## Exercise directions
Restate the listing below word for word; no pictures belong in the copy.
*** Given information Section Begins ***
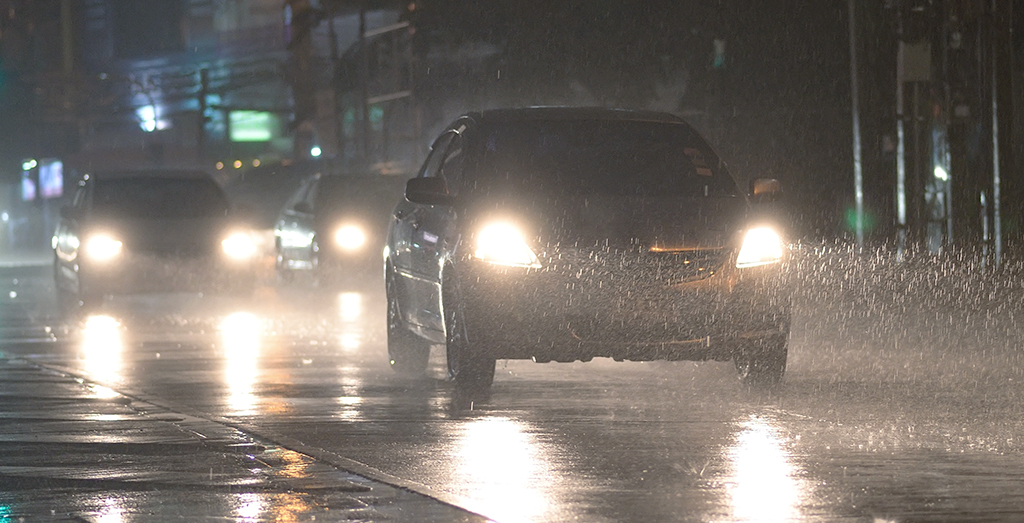 ¿Cómo evitar accidentes viales al manejar bajo la lluvia?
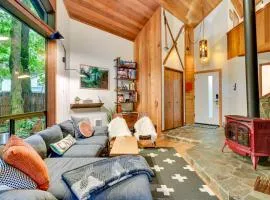 Rhododendron Creekside Cabin with Hot Tub and Fire Pit
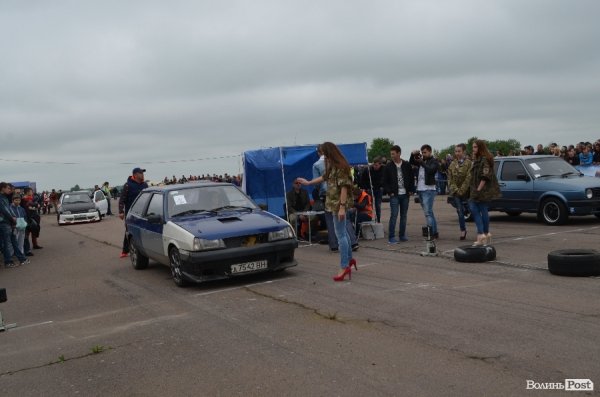 Під Луцьком визначили переможця з дрег-рейсінгу. ФОТО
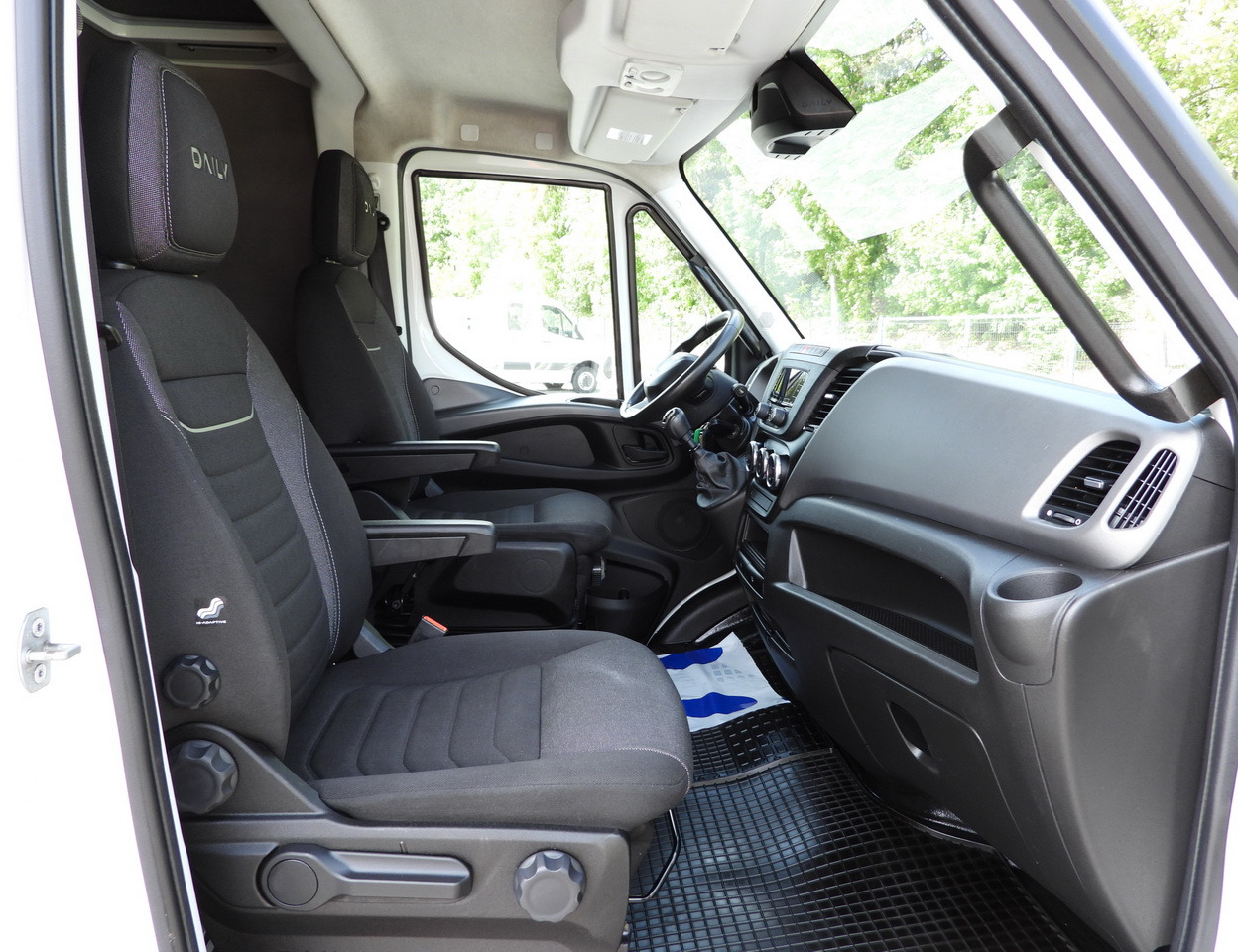 Furgão de toldo IVECO DAILY 35S18 TARPAULIN LIFT 8 PALLETS CRUISE CONTROL AIR CONDITIONING  180HP: foto 45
*** Given information Section Ends ***
## Result of this task
 ¿Cómo evitar accidentes viales al manejar bajo la lluvia?
 Rhododendron Creekside Cabin with Hot Tub and Fire Pit
 Під Луцьком визначили переможця з дрег-рейсінгу. ФОТО
 Furgão de toldo IVECO DAILY 35S18 TARPAULIN LIFT 8 PALLETS CRUISE CONTROL AIR CONDITIONING  180HP: foto 45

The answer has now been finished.